YOUR TASK
Pull every line containing "Avenue" out of the material below.

MATERIALS PROVIDED
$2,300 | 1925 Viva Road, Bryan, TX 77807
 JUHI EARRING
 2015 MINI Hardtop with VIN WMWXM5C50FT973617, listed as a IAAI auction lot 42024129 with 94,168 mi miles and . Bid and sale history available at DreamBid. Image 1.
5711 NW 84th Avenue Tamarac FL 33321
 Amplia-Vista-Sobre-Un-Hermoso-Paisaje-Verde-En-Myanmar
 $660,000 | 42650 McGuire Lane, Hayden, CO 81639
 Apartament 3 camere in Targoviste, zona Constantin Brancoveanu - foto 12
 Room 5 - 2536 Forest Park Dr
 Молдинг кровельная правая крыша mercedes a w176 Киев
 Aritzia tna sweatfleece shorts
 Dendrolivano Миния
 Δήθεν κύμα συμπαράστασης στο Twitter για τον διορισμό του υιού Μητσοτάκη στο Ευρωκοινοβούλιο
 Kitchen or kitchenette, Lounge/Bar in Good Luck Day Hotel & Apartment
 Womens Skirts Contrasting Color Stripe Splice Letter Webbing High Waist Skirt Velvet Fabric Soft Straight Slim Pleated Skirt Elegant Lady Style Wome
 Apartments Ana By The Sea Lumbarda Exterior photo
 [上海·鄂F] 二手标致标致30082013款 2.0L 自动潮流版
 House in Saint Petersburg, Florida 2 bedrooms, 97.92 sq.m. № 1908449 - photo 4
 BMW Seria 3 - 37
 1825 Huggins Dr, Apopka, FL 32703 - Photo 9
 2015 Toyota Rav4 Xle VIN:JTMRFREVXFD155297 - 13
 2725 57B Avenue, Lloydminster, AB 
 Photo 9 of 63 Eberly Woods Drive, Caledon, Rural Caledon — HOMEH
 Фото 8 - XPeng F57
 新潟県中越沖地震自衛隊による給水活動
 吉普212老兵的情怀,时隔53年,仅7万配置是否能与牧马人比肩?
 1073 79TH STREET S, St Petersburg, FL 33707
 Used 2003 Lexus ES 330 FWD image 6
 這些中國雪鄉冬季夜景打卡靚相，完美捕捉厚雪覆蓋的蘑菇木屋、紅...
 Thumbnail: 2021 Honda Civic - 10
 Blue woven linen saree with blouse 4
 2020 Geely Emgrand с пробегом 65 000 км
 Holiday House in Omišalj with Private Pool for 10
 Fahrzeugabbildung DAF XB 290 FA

WRITTEN SOLUTION
5711 NW 84th Avenue Tamarac FL 33321
 2725 57B Avenue, Lloydminster, AB 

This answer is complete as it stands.